Potsticker Soup (Print Version)

# Ingredients:

01 - 2 tablespoons olive oil.
02 - 8 ounces mushrooms (cremini or shiitake), sliced.
03 - 1 large carrot, cut in strips.
04 - 2 scallions, divided.
05 - 4 cloves garlic, minced.
06 - 2 tablespoons fresh ginger, grated.
07 - 6 cups low-sodium chicken or vegetable broth.
08 - 3 tablespoons soy sauce.
09 - 1 teaspoon rice vinegar.
10 - ½ teaspoon sugar.
11 - 3 baby bok choy, quartered.
12 - 24 ounces frozen potstickers.
13 - 2 tablespoons sesame oil.

# Instructions:

01 - Heat olive oil in large pot. Cook mushrooms, carrots, and white parts of scallions until soft, about 5 minutes.
02 - Stir in garlic and ginger, cook for 1 minute until fragrant.
03 - Add broth, soy sauce, vinegar, and sugar.
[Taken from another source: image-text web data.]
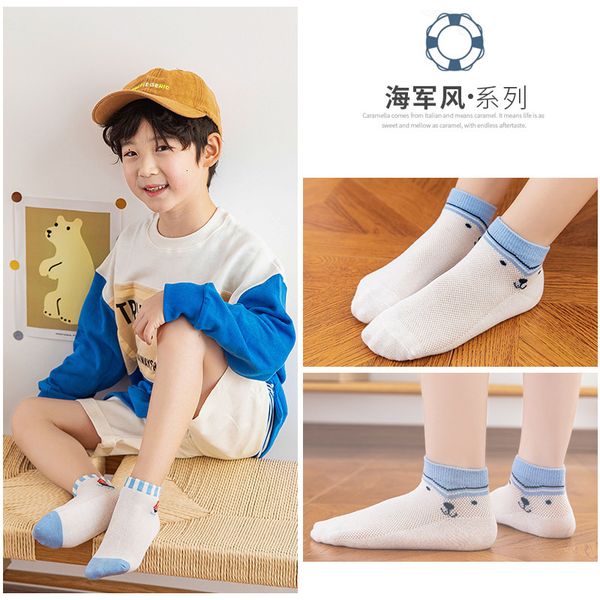 spring and summer breathable mh children' sports socks big boy middle tube cotton navy baby socks, Red;black
spring and summer breathable mh children' sports socks big boy middle tube cotton navy baby socks, Red;black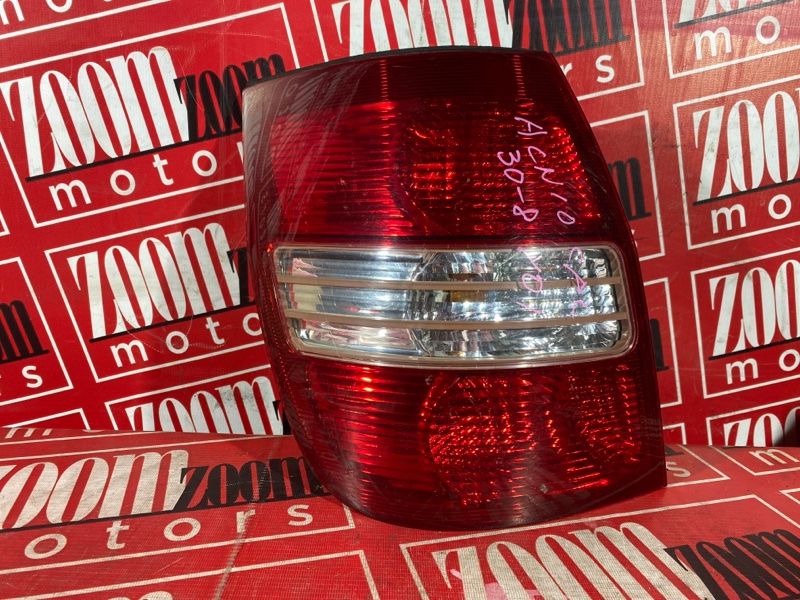 Фонарь (Стоп-сигнал), 6700 рублей, Солонцы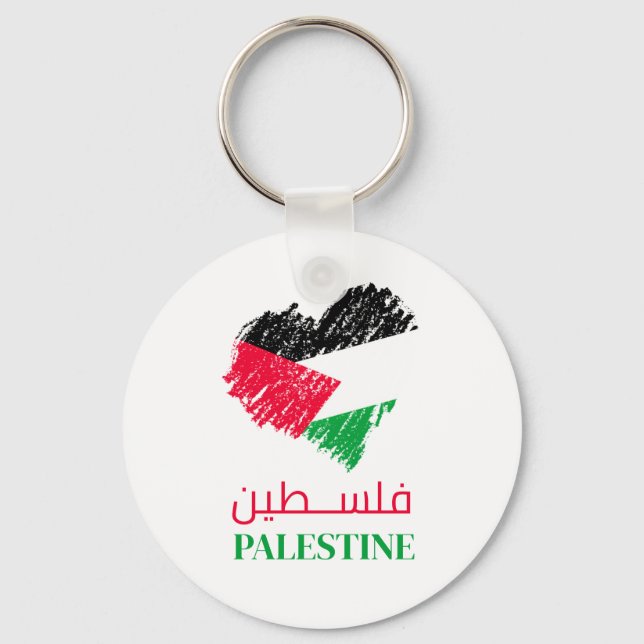 Palestinska hjärtat nyckelring (Framsida)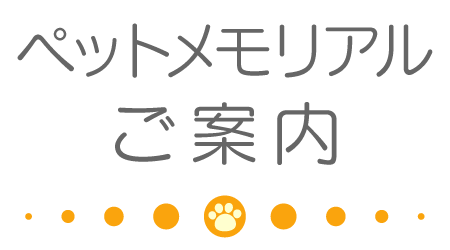 円乗院ペットメモリアルについて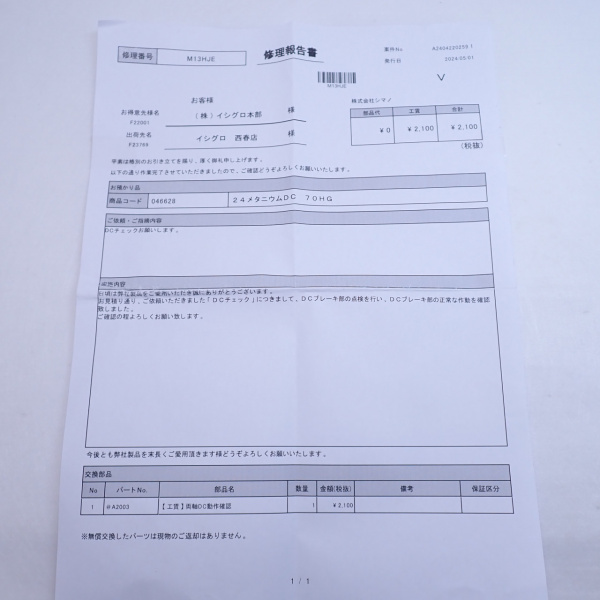 24メタニウムDC 70HG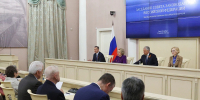 Состоялось заседание совета законодателей России - Комсомольская Правда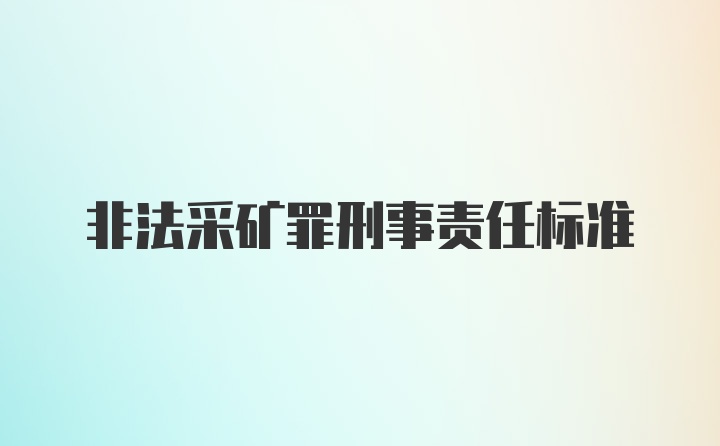 非法采矿罪刑事责任标准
Bring to boil.
04 - Add bok choy and potstickers. Reduce heat and simmer 5 minutes.
05 - Remove from heat. Stir in sesame oil. Top with green onions.

# Notes:

01 - Keep soup at gentle simmer to prevent potstickers from breaking.
02 - Can add white miso paste for extra flavor.